スクリーン印刷の塗布膜をとにかく!厚く!印刷したい!どうする?!

今回の記事は、スクリーン印刷を使って「とにかく!厚く!」印刷したい人向け!
「3Dメッシュ」を使った特殊なスクリーン版を使って実際に印刷し、且つ具体的な測定データと合わせて、厚膜の印刷効果について一緒に見ていきましょう!
噂の「3Dメッシュ」について
スクリーン印刷では、細線印刷や薄膜印刷、穴埋め印刷など色々な印刷が可能ですが、工夫次第で厚めの塗布膜も印刷することが出来ます。
塗膜厚を稼ぐ為に、今回はメッシュ紗厚が厚いスクリーン版を用意しました。
「3Dメッシュ」という特殊なメッシュを使った版です:
3D-mesh-Type 3D | アサダメッシュ株式会社 (asadamesh-global.com)
「3Dメッシュ」は、従来の平織りとは異なり、一方の糸だけを折り曲げて加工した独自の構造を持っています。
紗厚は線径のおよそ 3倍!
平織りのおよそ1.5倍の印刷膜厚が形成可能です。


画像引用元:3D-mesh-Type 3D | アサダメッシュ株式会社 (asadamesh-global.com)
ペーストをたっぷりメッシュに充填させよう!
ですが、いくら「3Dメッシュ」を使っても、コート時にペーストが十分メッシュ内に充填されていないと、印刷は上手くいきません。
特にベタ印刷は、コート時にメッシュの「開口部」+「乳剤高さ」分の容積にペーストが十分充填されていないと、膜厚は狙い値よりもかえって薄くなってしまいます。

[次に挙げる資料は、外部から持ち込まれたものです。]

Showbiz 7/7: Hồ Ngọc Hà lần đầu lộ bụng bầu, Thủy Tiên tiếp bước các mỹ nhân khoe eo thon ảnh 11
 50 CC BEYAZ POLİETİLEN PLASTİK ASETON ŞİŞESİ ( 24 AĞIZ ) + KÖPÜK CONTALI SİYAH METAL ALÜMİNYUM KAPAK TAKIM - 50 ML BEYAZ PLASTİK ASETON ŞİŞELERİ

実際の印刷で撮影された写真を使って、検証してみましょう。
【コート:1回 充填未完】
スクレッパを使って1回コーティングした際の、ペーストの充填具合です。
所々 メッシュの糸がむき出し のままになっており、 乳剤の側面も見えている ことから、十分に充填されていないことが分かります。
【コート:3回 十分充填 改善】
こちらは3回コーティングした際の、ペーストの充填具合です。
十分にコートされ、 メッシュ糸、並びに乳剤の側面にしっかりとペーストが入っている ことが分かります。
たくさんコートすればペーストがしっかり充填出来ることは分かったのですが、印刷時に都度3回もコーティングするのは面倒ですよね。
ならばーー
【コート:1回 十分充填 ※スクレッパ加工済】
ペーストが吐出しやすいよう、スクレッパの先端部を少し加工してみました。
写真を撮って見てみると……効果絶大!
メッシュの開口部よりペーストがたっぷり押し出されていました。
測定膜厚データ
膜厚印刷結果は下記の通りです。(3D 80/80仕様での計算上ウェット厚み=120μm)
【通常スクレッパ】
・1回コート 82μm(充填未完)
・2回コート 88μm(充填未完)
・3回コート 90μm(十分充填)
※N=3の平均値
【特殊加工スクレッパ】
・1回コート 89μm(十分充填)
※N=3の平均値
印刷条件まとめ
・スクリーン版:3D 80/80 紗厚225μm 乳剤厚10μm
・クリアランス=1.3㎜
・スキージ速度=50㎜/sec、スクレッパ速度=50㎜/sec
・ペースト(銀)粘度=95pa.s(10回転)
・印圧=0.22Mpa(ゼロ点=0.12Mpa)
今回の印刷は上記条件をキープし、同じパラメータ下で行いました。
このように、3Dメッシュを使用すれば、コートの条件(回数、スクレッパ加工)を変えただけでも、膜厚は変えられる事が確認出来ました。